Pussy Riot post new anti-Putin Olympics video from Sochi
SOCHI - Agence France-Presse
Members of the punk group Pussy Riot, including Nadezhda Tolokonnikova in the aqua balaclava (C) and Maria Alekhina in the red balaclava (L) perform next to the Olympic rings in Sochi, Feb 19. AP photo
Russian punk group Pussy Riot on Feb. 20 posted a new video filmed in the centre of Olympics host Sochi, savaging President Vladimir Putin over the hosting of the Winter Games and the rights climate in Russia.The video, titled "Putin will teach you how to love the motherland," is the first music project by Pussy Riot members Nadezhda Tolokonnikova and Maria Alyokhina since they were released from prison colonies last year.
The pair have been in Sochi along with other Pussy Riot supporters all week. They were detained by police for several hours on Feb. 18 and beaten in scuffles on Wednesday which saw them roughly handled and whipped by Cossacks.

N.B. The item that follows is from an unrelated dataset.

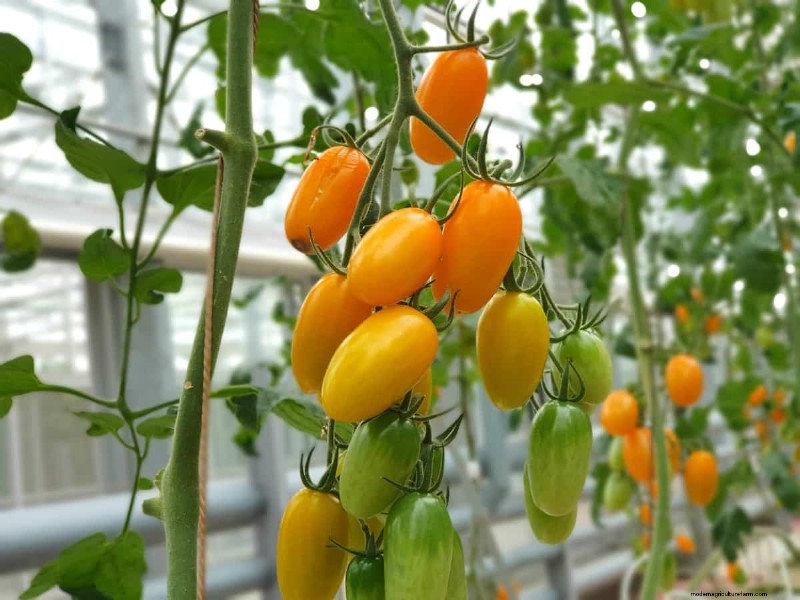 Hydroponic Tomato Troubleshooting: Solutions for Healthy Growth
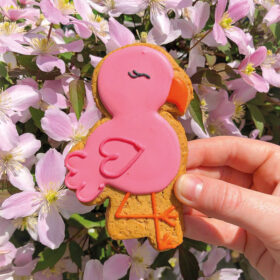 Flamingo Biscuit Gift Box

The video opens with the Pussy Riot members clad in their trademark coloured balaclavas, tights and one piece dresses swimming in the sea off Sochi.
They are then seen singing and dancing in front of the Olympic rings in the centre of Sochi and then trying to taunt a giant Olympic mascot, a furry snow leopard.
The video also shows Wednesday's footage of the girls being beaten with whips and roughly beaten in scuffles with Cossacks, who perform the role of vigilantes in southern Russia.
The Russian-language and highly colloquial lyrics slam the human rights situation in Russia, referencing the activists who are still jailed over a Moscow anti-Putin protest in 2012 and the jailed Sochi environmental campaigner Yevgeny Vitishko.
"They will teach you in the prison camps how to cry and how to obey/Salute to the bosses, and hi, il Duce," the song goes.
"The constitution is lynched, Vitishko's in prison/Stability, prison gruel, the fence and the watchtower.
The video is viewable on http://www.youtube.com/watch?v=gjI0KYl9gWs Tolokonnikova posted the link to the video on her Twitter @tolokno, promoting it as the "premiere."
Tolokonnikova and Alyokhina were sent to penal colonies on a two-year hooliganism sentence for performing an anti-Putin song in a Moscow cathedral in 2012. However, they were freed early on amnesty in December last year.
The International Olympic Committee (IOC) warned the young women on Feb. 19 that it would be "wholly inappropriate" to stage actions outside the Olympic venues.